Pourquoi ne pas financer les clubs locaux, moderniser la Linafoot, numériser les droits TV, et redonner à notre football sa fierté perdue ? C’est à cette priorité que nous devons penser, pas à du marketing importé», s’indigne un supporter.
«On veut “donner de la visibilité” au pays, mais visibilité de quoi ? Des stades fantômes comme celui de Matadi ? Des tribunes effondrées comme à Katoka (Kananga) ? C’est du “maquillage de façade”, pas du développement. Le branding efficace se construit sur la base d’un écosystème solide, pas sur un chèque aux clubs européens. C’est la RDC elle-même qui doit briller par ses champions, pas par son logo perdu sur une manche», reprend en échos un autre sportif désabusé.
Pour des observateurs, il est étonnant que ces sponsoring interviennent alors que le pays ne dispose d’aucune académie, centre de formation, en l’absence d’un jumelage entre la Linafoot et Monaco. Juste une promesse floue d’“image”.
«C’est du one way sponsorship, une voie à sens unique: on paye, ils encaissent.
Des hôpitaux sans pansements, des écoles sans bancs, des jeunes sans emploi, et pourtant, l’État trouve des millions d’euros pour “communiquer” en Europe ?

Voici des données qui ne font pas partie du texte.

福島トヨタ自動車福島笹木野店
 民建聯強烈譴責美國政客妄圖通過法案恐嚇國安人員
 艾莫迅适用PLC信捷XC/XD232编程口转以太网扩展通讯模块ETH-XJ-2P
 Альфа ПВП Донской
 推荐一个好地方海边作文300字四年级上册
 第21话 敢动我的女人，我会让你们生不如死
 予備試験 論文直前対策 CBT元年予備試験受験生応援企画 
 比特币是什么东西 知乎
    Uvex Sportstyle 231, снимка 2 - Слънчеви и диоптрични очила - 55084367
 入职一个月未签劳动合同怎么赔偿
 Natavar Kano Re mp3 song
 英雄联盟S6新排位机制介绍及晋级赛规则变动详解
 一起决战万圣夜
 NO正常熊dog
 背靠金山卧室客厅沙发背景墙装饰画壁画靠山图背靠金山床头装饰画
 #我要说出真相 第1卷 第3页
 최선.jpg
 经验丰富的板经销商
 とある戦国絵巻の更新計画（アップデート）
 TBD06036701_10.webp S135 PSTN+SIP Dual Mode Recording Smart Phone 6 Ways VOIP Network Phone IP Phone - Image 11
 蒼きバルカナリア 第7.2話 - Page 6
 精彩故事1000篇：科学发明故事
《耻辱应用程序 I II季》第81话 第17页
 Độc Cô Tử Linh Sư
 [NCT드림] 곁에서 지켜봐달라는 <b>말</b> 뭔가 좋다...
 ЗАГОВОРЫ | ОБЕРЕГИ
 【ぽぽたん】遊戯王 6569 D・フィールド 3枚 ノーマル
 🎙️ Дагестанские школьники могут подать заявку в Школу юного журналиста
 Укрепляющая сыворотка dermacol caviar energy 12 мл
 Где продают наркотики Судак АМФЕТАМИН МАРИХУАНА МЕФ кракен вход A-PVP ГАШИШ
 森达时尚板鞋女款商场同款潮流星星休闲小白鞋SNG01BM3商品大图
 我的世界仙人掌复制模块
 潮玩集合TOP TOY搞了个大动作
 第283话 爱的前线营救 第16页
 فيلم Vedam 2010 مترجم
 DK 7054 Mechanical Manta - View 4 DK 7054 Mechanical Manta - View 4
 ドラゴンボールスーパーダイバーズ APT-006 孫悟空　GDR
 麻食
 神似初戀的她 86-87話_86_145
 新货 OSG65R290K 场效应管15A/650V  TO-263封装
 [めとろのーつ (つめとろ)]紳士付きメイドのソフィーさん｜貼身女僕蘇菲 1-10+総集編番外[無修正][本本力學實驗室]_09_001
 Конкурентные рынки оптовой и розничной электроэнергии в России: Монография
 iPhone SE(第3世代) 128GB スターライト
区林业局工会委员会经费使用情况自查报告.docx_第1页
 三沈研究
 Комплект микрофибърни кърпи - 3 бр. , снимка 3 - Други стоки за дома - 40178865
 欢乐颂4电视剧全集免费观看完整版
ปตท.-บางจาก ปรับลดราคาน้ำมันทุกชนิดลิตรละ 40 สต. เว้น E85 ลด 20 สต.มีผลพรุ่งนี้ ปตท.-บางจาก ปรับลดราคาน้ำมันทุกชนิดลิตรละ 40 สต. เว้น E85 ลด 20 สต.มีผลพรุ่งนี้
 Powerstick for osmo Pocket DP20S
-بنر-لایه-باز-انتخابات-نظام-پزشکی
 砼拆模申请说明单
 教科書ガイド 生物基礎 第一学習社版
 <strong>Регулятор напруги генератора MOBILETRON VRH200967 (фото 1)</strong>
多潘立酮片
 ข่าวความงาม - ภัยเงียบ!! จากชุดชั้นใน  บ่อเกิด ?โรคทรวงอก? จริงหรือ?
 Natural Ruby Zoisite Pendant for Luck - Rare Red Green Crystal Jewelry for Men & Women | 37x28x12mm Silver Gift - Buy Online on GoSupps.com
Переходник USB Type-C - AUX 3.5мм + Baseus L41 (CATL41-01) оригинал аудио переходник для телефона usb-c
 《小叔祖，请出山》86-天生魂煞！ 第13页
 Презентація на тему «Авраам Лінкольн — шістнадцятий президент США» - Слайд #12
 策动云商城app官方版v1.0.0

C’est une gifle pour ceux qui n’ont même pas de terrain plat pour taper dans un ballon. C’est une provocation silencieuse dans un pays où un enfant meurt de malaria toutes les heures. Ce n’est pas un projet, c’est un mépris institutionnalisé», s’insurge cet autre compatriote.
Alors que le parlement reste souvent silencieux face à ce dossier, Serge Nkonde Shembo, député national et ancien ministre des Sports, vient de saisir à ce sujet le bureau de l’Assemblée nationale pour que la lumière soit faite sur ce projet douteux.
Une voix qui résonne comme un sifflet à la 90ème minute. Nkonde exige des réponses. Il veut des comptes et rappelle que la fonction parlementaire, c’est aussi et surtout un bouclier contre la mauvaise gouvernance. En interpellant le ministre des Sports Didier Budimbu, il ne fait pas de la politique, il fait son travail.
Son action n’est pas isolée, elle est un signal, un appel au réveil de tous ceux qui croient encore que le sport congolais peut se relever, par le bas, mais vers le haut.
Serge Nkonde se demande ainsi où sont les clauses concrètes. Mieux, il veut savoir ce qu’il en est d’un autre contrat avec un club espagnol, gardé secret jusqu’ici. Car en fait, les Congolais méritent d’avoir des explications qui rassurent et non des slogans ministériels.
Donc, pas d’AS Monaco sans d’abord sauver l’AS Vita, DCMP, Lupopo, Don Bosco, Sanga Balende etc.
Si l’État veut aider le sport, qu’il commence par la maison. Si la RDC veut rayonner par le football, qu’elle relance ses compétitions, forme ses arbitres, paie ses joueurs, restaure ses stades.
Mettre un logo sur un maillot européen, c’est peut-être bon pour une photo, mais ce n’est pas du développement. Et ce n’est pas ce que mérite notre peuple.